Детскую повесть Майи Ганиной «Тяпкин и Лёша» я предлагаю рассматривать в качестве «приквела» к роману Людмилы Петрушевской «Время ночь» или «приквела» к нашей нынешней жизни и некоторым особенностям нашей «межличностной коммуникации».
Я часто задаюсь вопросами, почему мы разрешаем родственникам оскорблять, упрекать нас и часто ничего не хотим предпринимать, чтобы прекратить нападки и обвинения? Где искать истоки добровольной виктимности и непозволительного смирения? Почему наши дети не умеют за себя постоять в среде ровесников и не знают, как отвечать взрослым, когда те унижают их? И почему антагонистические отношения в семье, передающиеся по наследству, как и необходимость терпеть «токсичных» родственников, воспринимается нами как норма? Я нашла текст детской литературы, который отчасти позволяет прояснить истоки этой ситуации. В нем отразилась традиция эпохи, предшествующей созданию повести, когда воспитание детей было переложено с родительских плеч на «плечи» школы и пионерской/комсомольской организации. Родители были освобождены от этой «повинности» для того, чтобы посвящать свое время, например, строительству промышленного комбината, многоквартирного дома и коммунизма, написанию диссертации, статей или учебников, репетициям и гастролям.
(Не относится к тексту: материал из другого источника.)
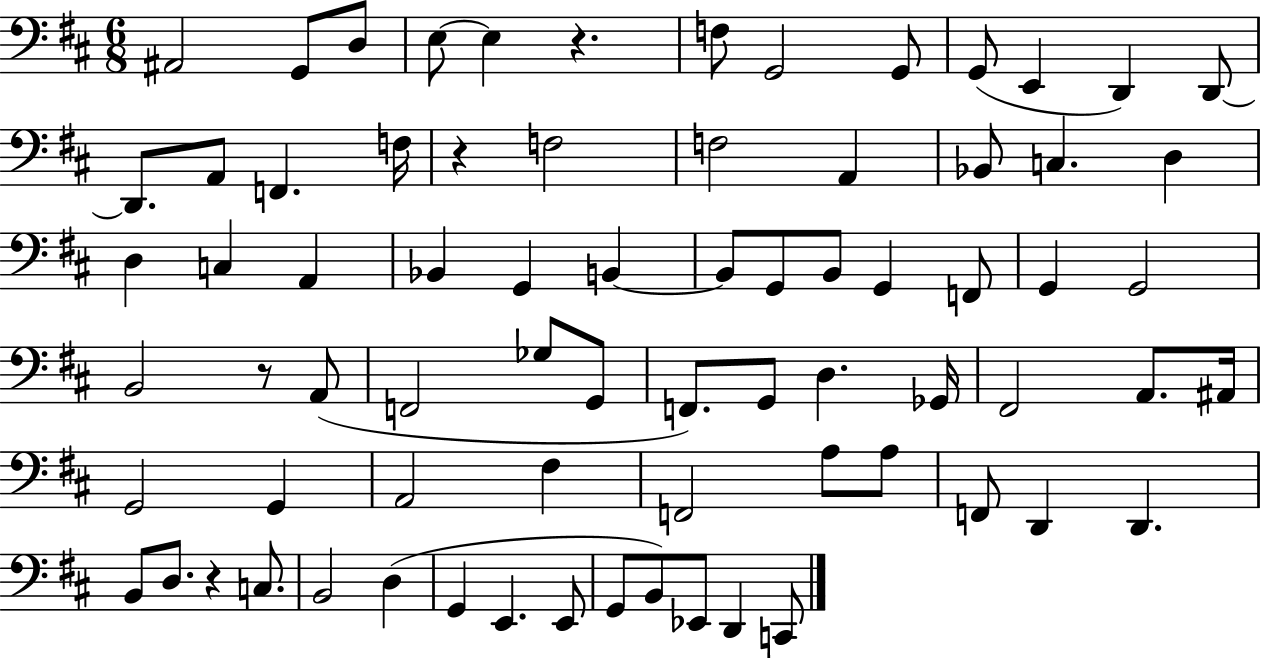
{
  \clef bass
  \numericTimeSignature
  \time 6/8
  \key d \major
  ais,2 g,8 d8 | e8~~ e4 r4. | f8 g,2 g,8 | g,8( e,4 d,4) d,8~~ | \break d,8. a,8 f,4. f16 | r4 f2 | f2 a,4 | bes,8 c4. d4 | \break d4 c4 a,4 | bes,4 g,4 b,4~~ | b,8 g,8 b,8 g,4 f,8 | g,4 g,2 | \break b,2 r8 a,8( | f,2 ges8 g,8 | f,8.) g,8 d4. ges,16 | fis,2 a,8. ais,16 | \break g,2 g,4 | a,2 fis4 | f,2 a8 a8 | f,8 d,4 d,4. | \break b,8 d8. r4 c8. | b,2 d4( | g,4 e,4. e,8 | g,8 b,8) ees,8 d,4 c,8 | \break \bar "|."
}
И эта же повесть позволяет заглянуть в недавнюю историю отношений детей и родителей, когда утвердившаяся за годы советской власти привычка отдавать всего себя важному и нужному делу, любимой профессии продолжала определять приоритеты в семейной жизни. А еще в ней предельно высокая концентрация ошибок, которые только могут совершать взрослые, общаясь со своими детьми и ежедневно травмируя их, не оставляя надежды на преодоление травмы. Итак, я недавно впервые прочитала повесть Майи Анатольевны Ганиной (1927-2005) «Тяпкин и Лёша», которая в 1977 году вышла в издательстве «Детская литература». Меня умилило название и прелестные иллюстрации Н.Гольц, судя по которым я должна была окунуться в мир сказки, главным героем которого стала, видимо, девочка и лесной гномик. Правда, увиденное мной на картинках в книге никак не подходило под жанровое определение повести, а девочка подозрительно напоминала мальчика, да и в названии повести не было имени девочки. Я предположила, что «повесть», возможно, потому, что творчество М.Ганиной посвящено истории своих современниц, и она часто списывала героинь с себя, наделяя их типизированными чертами советской женщины. Я решила разобраться. Повествование начинается со слов ребенка, а дальше ведется от имени его мамы, которая время от времени уходит «в тень», и тогда ее место занимает автор-повествователь. Начало повести можно сразу включать в качестве универсального примера в пособие для родителей, которое могло бы называться «Как не стоит разговаривать с детьми» или «Как нельзя себя вести с ребенком». Приведу этот отрывок полностью:
«Поговори со мной,- проныл снова Тяпкин, положив на стол подбородок.-
Мам, поговори со мной!
Не то чтобы он капризничал или собирался заплакать, я прекрасно знала,
что он может повторять эти три слова одним и тем же тоном раз пятьдесят.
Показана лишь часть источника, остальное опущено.